More commonly, the individuals that are prosecuted for breaches of work health and safety laws are going to be those who meet the definition of being an “officer”. Individuals who are accountable under section 27 of the Work Health and Safety Act 2011 (Cth) (and the various state and territory iterations of this legislation) for exercising due diligence to ensure the Person Conducting the Business or Undertaking (PCBU) meets its obligations.

It is critical, however, that everyone within the PCBU understands and accepts that every person has a duty – even if they do not meet the definition of an officer. Recent prosecutions of individuals pursuant to section 28 of the relevant Work Health and Safety Act and Industrial/Workplace manslaughter laws illustrate important considerations for workers seeking to ensure they meet their obligations.

Once a Risk is Identified, it MUST be Assessed

On 16 January 2019, an employee of the Queensland Museum was diagnosed with a spinal abscess as a result of Q Fever. On 22 February 2019, a second employee was diagnosed with Q Fever.

Although the source of the bacteria that causes Q Fever was not identified, the taxidermy of native animals and fieldwork with respect to collecting specimens was identified as the likely source.

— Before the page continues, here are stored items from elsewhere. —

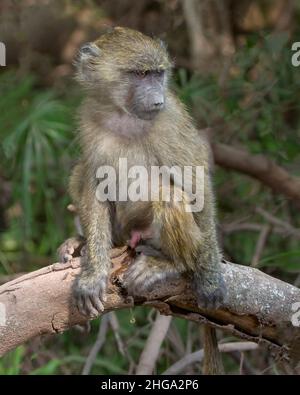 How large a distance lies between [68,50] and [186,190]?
5.82 metres

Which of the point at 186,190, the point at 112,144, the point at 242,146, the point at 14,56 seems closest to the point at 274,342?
the point at 186,190

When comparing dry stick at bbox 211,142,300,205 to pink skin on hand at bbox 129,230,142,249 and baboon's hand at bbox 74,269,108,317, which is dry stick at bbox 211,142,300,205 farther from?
baboon's hand at bbox 74,269,108,317

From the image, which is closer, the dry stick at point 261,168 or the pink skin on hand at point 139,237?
the pink skin on hand at point 139,237

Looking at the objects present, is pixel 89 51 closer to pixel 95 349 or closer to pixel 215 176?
pixel 95 349

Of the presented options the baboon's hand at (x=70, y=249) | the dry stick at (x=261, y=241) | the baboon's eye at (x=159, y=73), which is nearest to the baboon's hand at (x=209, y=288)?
the baboon's hand at (x=70, y=249)

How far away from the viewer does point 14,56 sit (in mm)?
9258

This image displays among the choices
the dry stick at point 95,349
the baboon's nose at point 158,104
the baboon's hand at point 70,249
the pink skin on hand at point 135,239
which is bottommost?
the dry stick at point 95,349

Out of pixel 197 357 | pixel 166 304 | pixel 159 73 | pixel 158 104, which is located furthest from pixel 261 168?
pixel 166 304

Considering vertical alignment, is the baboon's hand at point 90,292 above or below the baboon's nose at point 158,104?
below

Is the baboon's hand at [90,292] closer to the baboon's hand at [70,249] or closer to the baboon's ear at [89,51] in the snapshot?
the baboon's hand at [70,249]

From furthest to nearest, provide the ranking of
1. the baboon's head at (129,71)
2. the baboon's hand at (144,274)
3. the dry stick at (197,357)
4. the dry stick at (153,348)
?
the dry stick at (153,348) → the dry stick at (197,357) → the baboon's head at (129,71) → the baboon's hand at (144,274)

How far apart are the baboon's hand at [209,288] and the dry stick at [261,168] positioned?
2.40 m

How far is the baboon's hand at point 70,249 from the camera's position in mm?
4397

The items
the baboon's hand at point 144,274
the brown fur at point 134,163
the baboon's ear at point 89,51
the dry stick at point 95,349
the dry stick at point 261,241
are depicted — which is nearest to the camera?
the baboon's hand at point 144,274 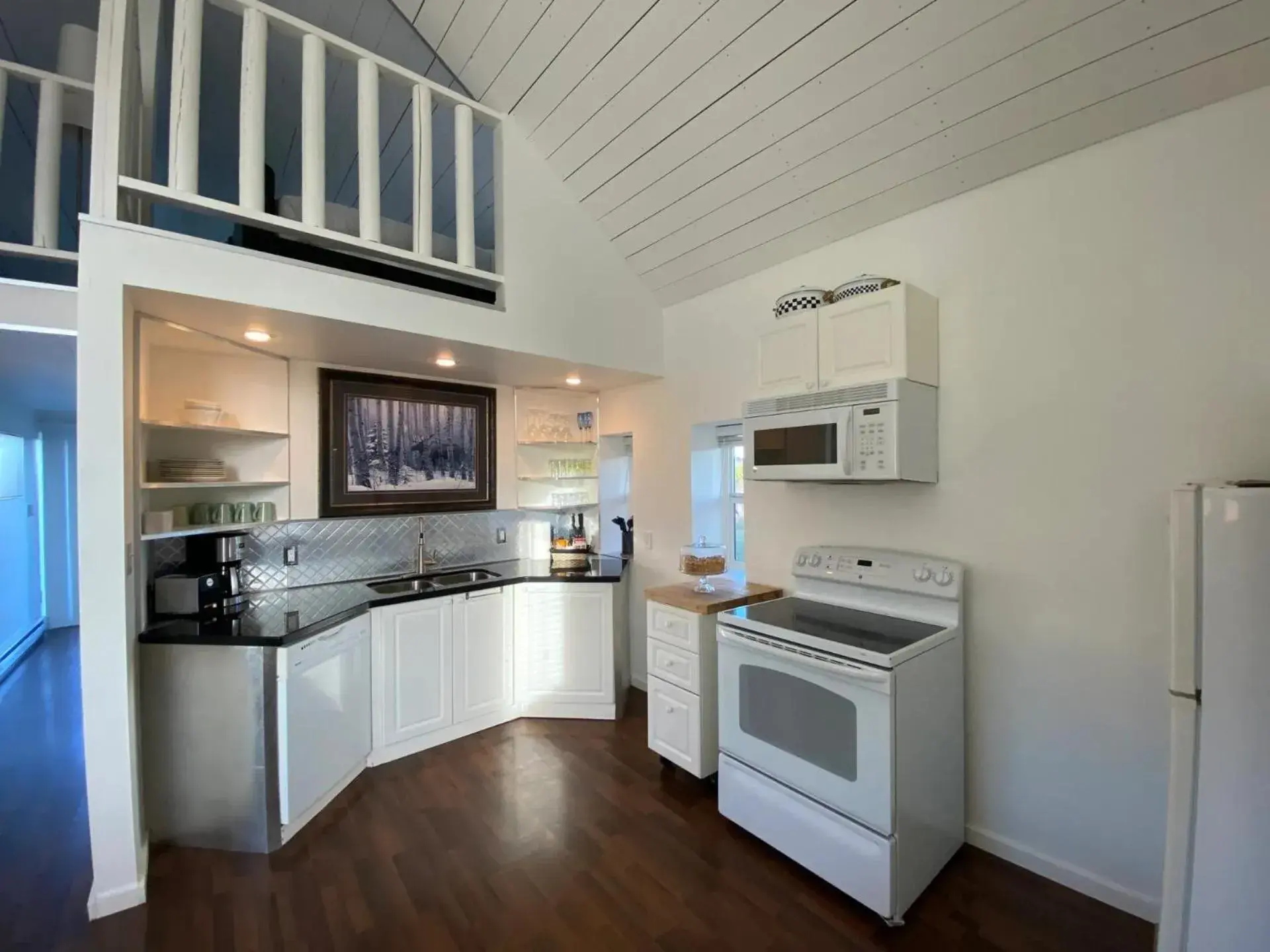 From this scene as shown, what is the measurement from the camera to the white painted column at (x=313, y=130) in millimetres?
2254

The defendant was employed by the Museum in the role of Work Health, Safety and Risk Manager. From at least 2015, the defendant had been aware of the risk of Q Fever to Museum staff who carried out taxidermy work as she had attended a Workplace Health and Safety Presentation on biological hazards. The Inspector who conducted the presentation had also spoken with the defendant about the risk of various illnesses associated with taxidermy work on native animals. On 15 and 16 October 2015, the defendant exchanged communications with the Inspector that, amongst other things, referred explicitly to the risk of Q Fever to employees of the Museum. Following these communications, the defendant commenced a risk assessment but failed to finalise it. The sentencing Magistrate accepted that the defendant’s workload at the time was large, contributing to the failure to complete the risk assessment.

In imposing a good behaviour bond of $1,500 and declining to record a conviction, the Magistrate noted the very low to remote probability of the risk materialising and a range of other factors that helped mitigate the level of the defendant’s offending.

Any person employed in a work health and safety role needs to be mindful that their acts and omissions are more likely to impact the health and safety of other persons in the PCBU simply by virtue of the position that they hold. It is critical in these roles to ensure that, where risks to the business or undertaking or persons within the PCBU have been identified, the management of the risk is finalised and then reviewed as needed. If the management of an identified risk is delayed (because of workload or funding, for instance), this itself becomes a risk to the PCBU. In this instance, one of the findings made by the Magistrate was that the defendant ought to have raised the information with the line manager and undertaken or ensured a risk assessment was finalised.

Don’t Allow Yourself to be Pressured to Work in an Unsafe Manner

In R v Watts [2020] ACTSC 91, the defendant was employed as a crane operator and was performing duties at the University of Canberra Hospital when the offending occurred. The worker was instructed to transport a large generator and, while performing the lift, the crane overturned.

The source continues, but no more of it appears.